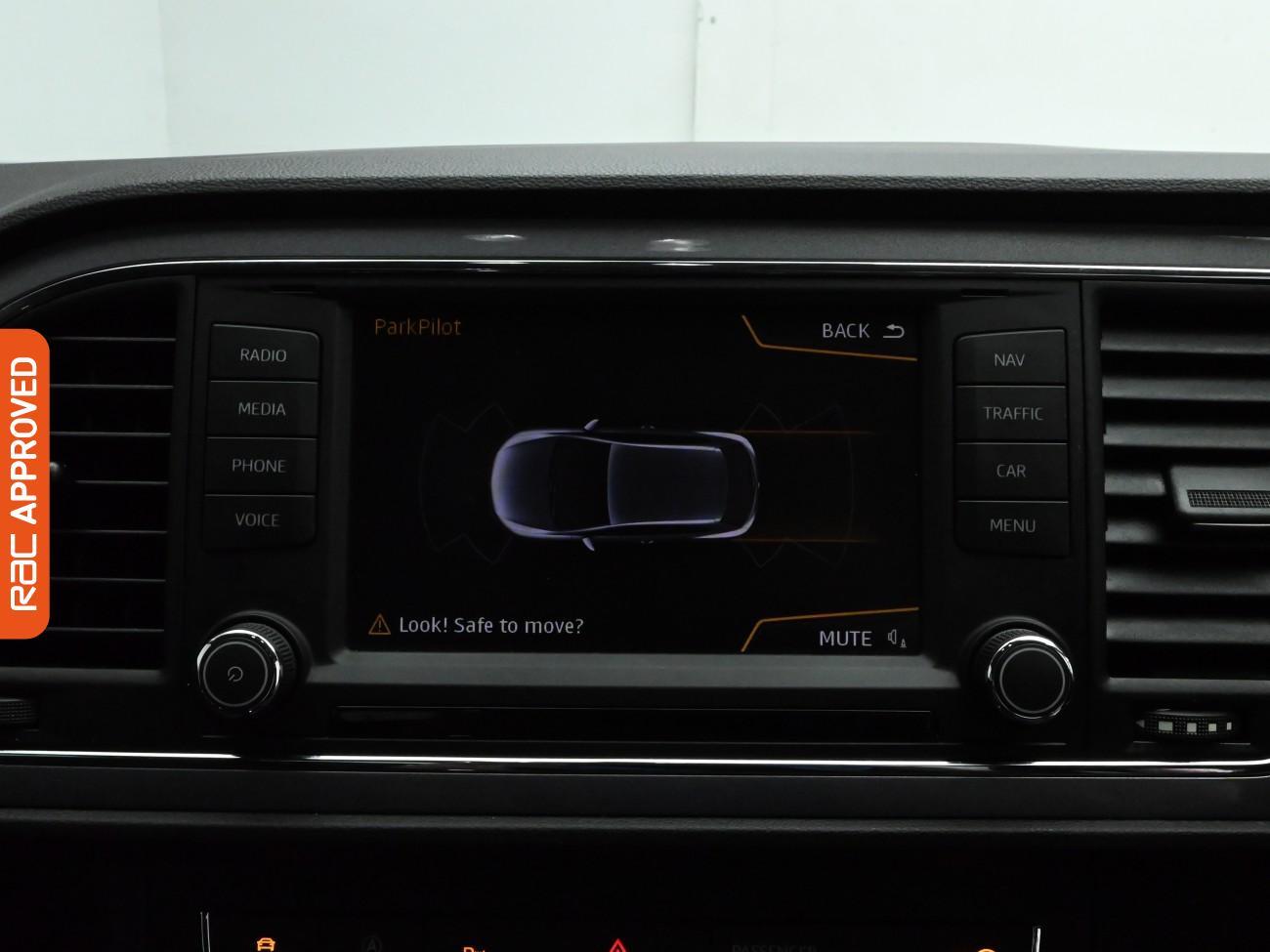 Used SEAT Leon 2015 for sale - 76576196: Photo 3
--
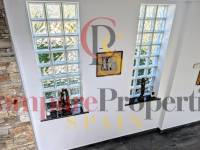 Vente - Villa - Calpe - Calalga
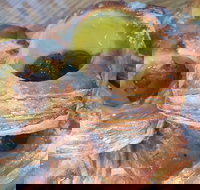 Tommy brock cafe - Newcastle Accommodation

*WHAT TO PRODUCE*
Look above for the line with "Vente - Villa - Calpe - Calalga" and the line with "Tommy brock cafe - Newcastle Accommodation". Output those two and everything between them exactly, pictures excluded.

*EXERCISE RESULT*
 Vente - Villa - Calpe - Calalga
 Tommy brock cafe - Newcastle Accommodation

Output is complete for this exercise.